* _Directions_
Once the line holding "26.9x12.7 cm - Stonecast" is found in the listing below, write it out and each later line exactly, up to and including the one holding "Mexica Tiahui - Embroidered".

* _Data records_
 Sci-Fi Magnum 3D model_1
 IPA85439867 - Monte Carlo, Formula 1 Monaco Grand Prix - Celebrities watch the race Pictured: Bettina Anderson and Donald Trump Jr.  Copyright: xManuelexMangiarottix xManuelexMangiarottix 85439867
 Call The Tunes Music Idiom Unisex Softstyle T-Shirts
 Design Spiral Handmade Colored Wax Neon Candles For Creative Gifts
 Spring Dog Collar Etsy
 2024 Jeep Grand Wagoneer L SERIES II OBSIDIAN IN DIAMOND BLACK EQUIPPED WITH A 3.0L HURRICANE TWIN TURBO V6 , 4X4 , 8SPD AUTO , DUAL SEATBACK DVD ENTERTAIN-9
==
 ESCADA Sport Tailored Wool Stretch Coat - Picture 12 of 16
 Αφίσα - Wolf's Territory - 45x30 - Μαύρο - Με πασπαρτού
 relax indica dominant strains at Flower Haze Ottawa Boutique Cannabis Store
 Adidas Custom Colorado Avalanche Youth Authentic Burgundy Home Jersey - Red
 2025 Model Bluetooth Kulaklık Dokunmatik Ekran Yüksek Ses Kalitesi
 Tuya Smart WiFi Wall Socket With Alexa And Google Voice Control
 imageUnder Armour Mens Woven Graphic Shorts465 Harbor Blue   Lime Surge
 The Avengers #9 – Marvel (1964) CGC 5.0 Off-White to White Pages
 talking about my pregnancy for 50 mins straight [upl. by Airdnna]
---
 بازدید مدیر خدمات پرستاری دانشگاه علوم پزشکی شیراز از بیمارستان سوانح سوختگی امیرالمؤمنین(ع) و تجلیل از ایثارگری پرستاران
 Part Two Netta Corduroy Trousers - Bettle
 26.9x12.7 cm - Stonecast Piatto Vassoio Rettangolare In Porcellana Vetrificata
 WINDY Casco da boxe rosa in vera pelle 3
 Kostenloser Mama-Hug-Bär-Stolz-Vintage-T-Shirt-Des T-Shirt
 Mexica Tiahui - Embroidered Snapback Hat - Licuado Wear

* _Completed task_
 26.9x12.7 cm - Stonecast Piatto Vassoio Rettangolare In Porcellana Vetrificata
 WINDY Casco da boxe rosa in vera pelle 3
 Kostenloser Mama-Hug-Bär-Stolz-Vintage-T-Shirt-Des T-Shirt
 Mexica Tiahui - Embroidered Snapback Hat - Licuado Wear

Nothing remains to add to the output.